If you’re a bootstrapped founder, it’s likely that you don’t have any institutional investors to report to. That’s great in one way, as it allows you to keep all the value you create with the business. On the other hand, it also keeps you from having a well-oiled accountability system. Any VC-backed founder is used to keeping their investors in the loop regularly. Sending out investor updates becomes a common founder activity and establishes immediate feedback loops with other stakeholders.

So, how do you do that as a bootstrapper? You send out fake investor updates: in the style of permissionless apprenticeship, you write an update email once every month, and you ask the people you admire and seek advice from if you can send it to them. Some will say no, but most founders will be curious and — most of all — willing to help you be accountable.

Any entrepreneur will do. Founders on your level, more successful ones, or even those who just started out: sharing your thoughts and plans with a diverse group of people will result in a diverse range of replies.

There are plenty of resources on how to write a solid investor update, so find a structure that works for you. As an added benefit beyond the feedback you’ll get from your fake investors, these updates also serve as a historical snapshot of your thoughts and activities in your business.

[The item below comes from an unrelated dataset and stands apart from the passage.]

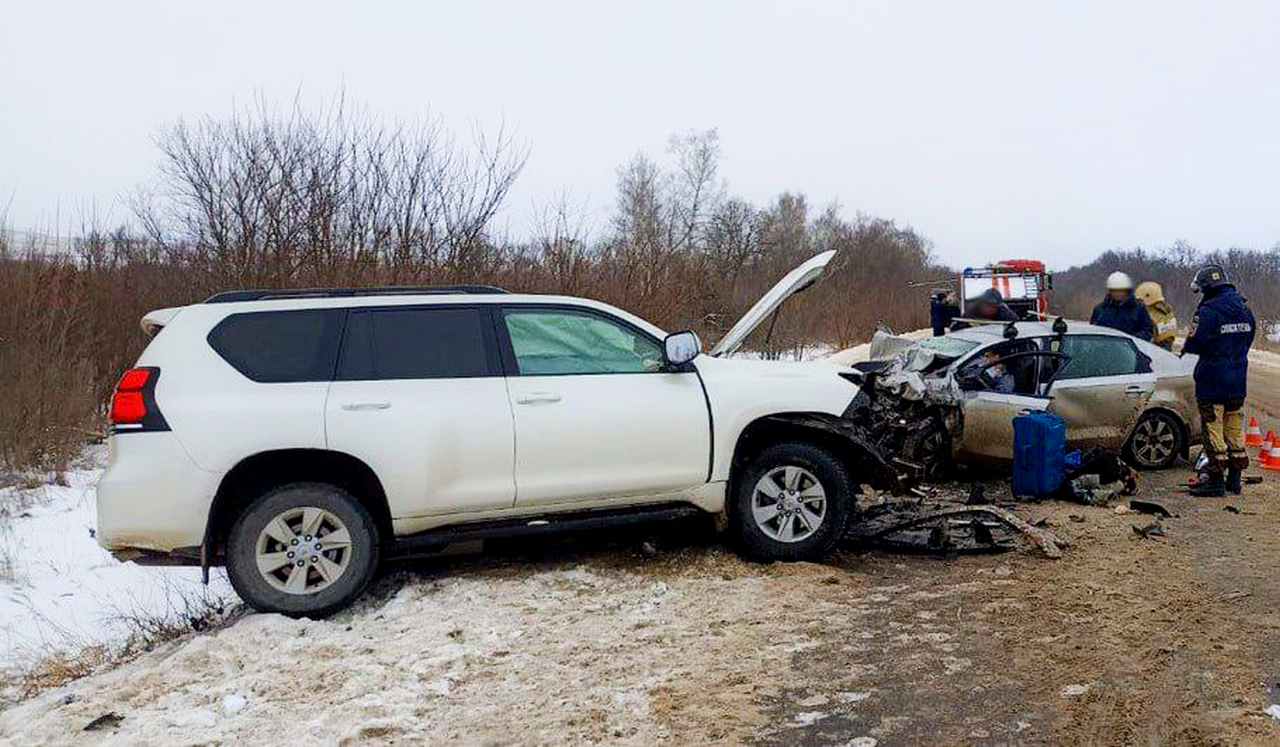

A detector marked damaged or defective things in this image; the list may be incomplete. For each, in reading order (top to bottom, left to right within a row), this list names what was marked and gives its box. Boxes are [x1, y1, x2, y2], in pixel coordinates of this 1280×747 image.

damaged silver sedan [849, 319, 1198, 473]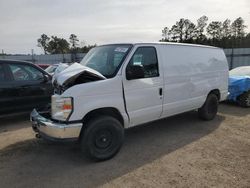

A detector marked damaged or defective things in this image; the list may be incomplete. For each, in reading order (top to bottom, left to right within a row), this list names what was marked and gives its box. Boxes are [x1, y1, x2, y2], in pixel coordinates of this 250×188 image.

The more elaborate you are in sharing your reasoning, the easier it will be for people to point out obvious flaws or share relatable anecdotes from their own experience. Since you won’t write such an update every week, you can be as verbose as you like. Brevity is great in Tweets, but when it comes to the choices you make for your business, a little more context goes a long way.

The wonderful thing about these fake investor updates is that they will establish a relationship that might turn into exciting opportunities down the road. Customers, partnerships, and even acquisitions are all likely outcomes of regularly showing up and demonstrating how trustworthy you are.

If you commit to sending out an update every month, you need to have done something every month.

Working with Expectations

It’s that looming feeling of someone expecting you to have done something regularly that is the core of an accountability system. When I started writing regularly after selling my SaaS FeedbackPanda, I knew that I needed to put such an external method into place.

I started a weekly newsletter. I knew that if there were even just one person who’d subscribe to the newsletter, I’d feel obligated to provide them with something every week.

As I am writing this, I am aware that several thousand people are subscribed to my newsletter. Whenever I feel like I can defer writing to the next day, I consider that a few of those people would be really disappointed if I missed a week of sharing my thoughts. That’s enough to get me to start working on my content immediately.

Habits and Pacts

Whatever path you choose for external accountability, there is always a way to be accountable to yourself. In his book Indistractable, Nir Eyal suggests making pacts with yourself to build effective habits. The general idea — do read the book, it’s very instructive — is to set up rules that, if broken, cause some minor yet noticeable loss, like having to put a dollar into the swear jar after cursing. Translated into our entrepreneurial world, consider tiny self-punishments such as delaying gratification or limiting the time spent on entertainment.

But don’t overdo it with the punishments. Accountability should be a good thing. Maybe consider setting up little rewards for reaching mini-milestones. Just posted your 10th content tweet of the week? Grab a beer. Wrote another 300 words on that blog post for your company blog? Cat video YouTube for half an hour. The bigger the effort, the bigger the reward should be.

Whatever system you end up setting up for yourself, remember that it’s there to serve you, not the other way around. Entrepreneurial systems are extensions of the founders, not opportunities for them to be busy. Ask around in your community, observe how other founders keep themselves accountable and try out a few methods. We all have our unique ways of keeping focused, and it might take a few tries to find a compatible method.

The goal is to find a way that aligns your motivation with your mission. At that point, accountability will be a natural consequence of your actions.